• _PROVIDED DATA_
--------------------------------
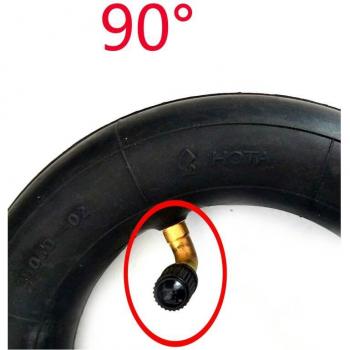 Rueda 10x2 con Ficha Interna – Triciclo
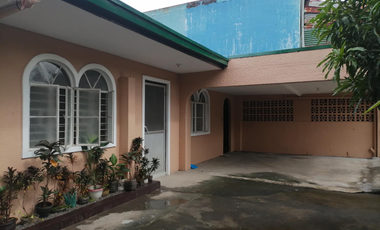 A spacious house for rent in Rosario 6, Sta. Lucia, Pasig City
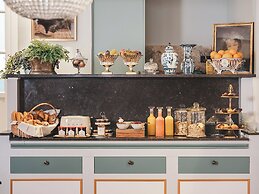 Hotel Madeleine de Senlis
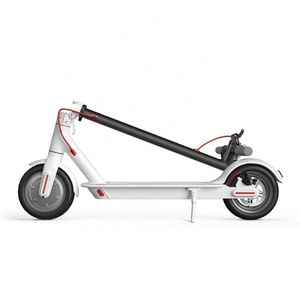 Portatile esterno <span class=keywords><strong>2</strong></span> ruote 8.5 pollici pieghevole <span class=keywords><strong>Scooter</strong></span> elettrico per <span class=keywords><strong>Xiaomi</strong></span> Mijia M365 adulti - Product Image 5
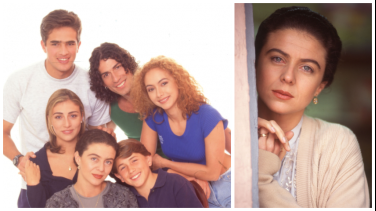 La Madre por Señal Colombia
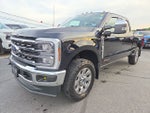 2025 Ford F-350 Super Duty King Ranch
--------------------------------
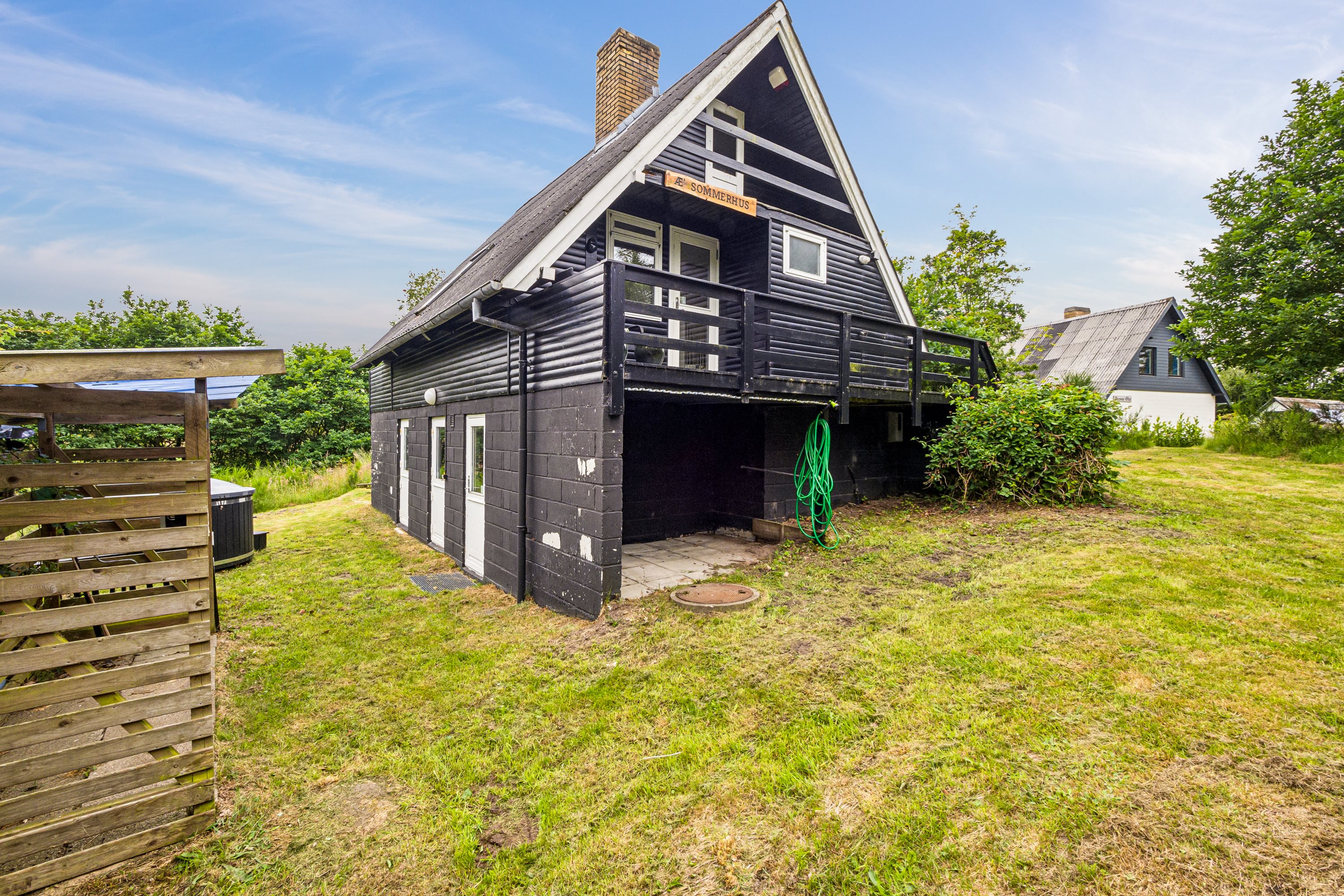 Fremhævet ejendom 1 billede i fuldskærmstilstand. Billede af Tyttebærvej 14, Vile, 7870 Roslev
--------------------------------
• _WHAT THIS TASK INVOLVES_
Output exactly the stretch of the listing that begins at the line containing "Portatile esterno <span" and ends at the line containing "2025 Ford F-350 Super Duty King Ranch", both kept. Omit pictures and everything else.

• _ANSWER FOR THIS EXERCISE_
 Portatile esterno <span class=keywords><strong>2</strong></span> ruote 8.5 pollici pieghevole <span class=keywords><strong>Scooter</strong></span> elettrico per <span class=keywords><strong>Xiaomi</strong></span> Mijia M365 adulti - Product Image 5
 La Madre por Señal Colombia
 2025 Ford F-350 Super Duty King Ranch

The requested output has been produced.